Reputation: 2847
I'm a Perl programmer with some nice scripts that go fetch HTTP pages (from a text file-list of URLs) with cURL and save them to a folder.
However, the number of pages to get is in the tens of millions. Sometimes the script fails on number 170,000 and I have to start the script again manually. It automatically reads the URL and sees if there is a page downloaded and skips. But, with a few hundred thousand, it still takes a few hours to skip back up to where it left off. Obviously, this is not going to pan out in the end.
I've been told that instead of saving to a text file, which is hard to search and modify, I need to use a database. I don't know much about databases, just messed around with MySQL on a school server a year ago. I just need the ability to add millions of rows and a few static columns, search/modify one quickly, and do this all locally on a lan (or a single computer if that's difficult). And of course, I need to access this database using perl.
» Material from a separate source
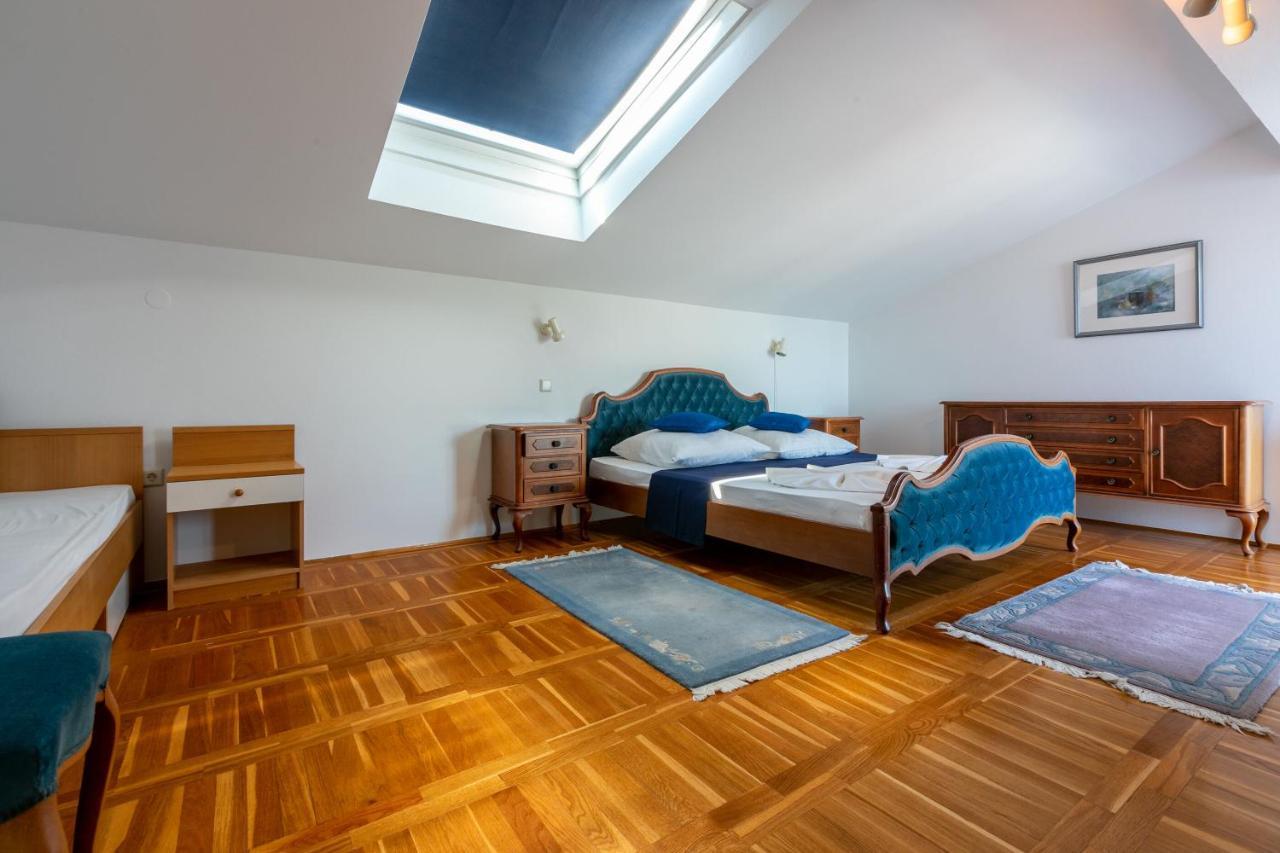 Apartment Antula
Where should I start? What do I need to download to get a server started on Windows? Which Perl modules should I use? (I'm using an ActiveState distro)
Upvotes: 2
Views: 541
Reputation: 27183
Since you only need to search on one column, you may wish to consider a key/value store database like the Berkeley DB by using either BerkeleyDB
or DB_File
.
Generally, you can think of these key/value databases as being Perl hashes that operate from a disk rather than memory. Exact key look ups are very fast. Everything else requires scanning the whole dataset.
Upvotes: 5
Reputation: 12341
There's many sorts of databases, but if you've already decided for an SQL database and are trying to make the setup process easy, you might want to have a look at SQLite and the DBI
/DBD::SQLite
modules, which allow you to use that from perl.
Upvotes: 6
Reputation: 74232
Look into DBI. If you do not like SQL in your programs, try SQL::Abstract.
Upvotes: 1